Task brief |
Take the entries below and print all of them exactly, please.

Stored entries:
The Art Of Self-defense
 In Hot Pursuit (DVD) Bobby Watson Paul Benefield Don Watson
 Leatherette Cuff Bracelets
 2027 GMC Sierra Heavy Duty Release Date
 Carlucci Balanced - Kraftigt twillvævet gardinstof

Completed task |
The Art Of Self-defense
 In Hot Pursuit (DVD) Bobby Watson Paul Benefield Don Watson
 Leatherette Cuff Bracelets
 2027 GMC Sierra Heavy Duty Release Date
 Carlucci Balanced - Kraftigt twillvævet gardinstof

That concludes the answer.